Tras la Segunda Guerra Mundial, el carácter de las exposiciones fue transformándose, para ir constituyéndose cada vez más claramente como eventos sobretodo dotados de un carácter lúdico y pedagógico, cuya celebración proporcionaba a menudo el mejor argumento para desarrollar estrategias urbanas para revitalizar determinadas áreas de las ciudades anfitrionas, utilizándolas cada vez como supuestos bálsamos milagrosos. Desde esta concepción, el pabellón, aun sin perder la esencia que lo distingue como objeto arquitectónico excepcional y simbólico, aspira a trascender esa dimensión de objeto contenedor, efímero constructor del escenario contextualizador del evento, en pos de una ambición de perpetuidad que cada vez en más ocasiones se corrobora imposible, ya que la desmesura vanidosa de algunos de estos edificios ha hecho muy difícil su reconversión. El Pabellón-Puente de Zaha Hadid para la exposición internacional de Zaragoza puede ser, por su falta de uso a día de hoy y su deterioro material, uno de los exponentes más temporalmente cercanos de esa incongruencia que hace patente cómo es preciso replantear la necesidad de sobre-espectacularidad de estos eventos actualmente y que induce a la convicción de que es preciso, indudablemente por el elevado costo que genera su construcción y por el valor añadido como piezas dinamizadoras urbanas que se les quiere atribuir, conservar de estas estructuras que a veces, por mor de esa fastuosidad acaban exudando un valor arquitectónico muy discutible.

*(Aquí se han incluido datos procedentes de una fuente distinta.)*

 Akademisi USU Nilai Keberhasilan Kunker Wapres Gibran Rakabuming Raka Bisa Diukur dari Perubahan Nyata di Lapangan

De una forma u otra, algunos pabellones han permanecido. Incluso hasta llegar a permanecer bajo la forma de una reproducción. No obstante, en la coyuntura actual y con la experiencia que ha venido procurando la historia, se hace necesario reconocer que no es posible asimilar todas esas estructuras, para así evitar caer hoy en la tentación de hacer edificios tan caros de construir y que se hacen imposibles de desmontar, y posiblemente también tan desvinculados del auténtico espíritu del tiempo presente y del progreso, que pueden terminar haciendo de la superficie de una exposición un cementerio de edificios. Convendría, por eso, repensar y crear el espíritu intrínseco del pabellón, para volver a disponer de ese territorio de valor y libertad que procura lo efímero.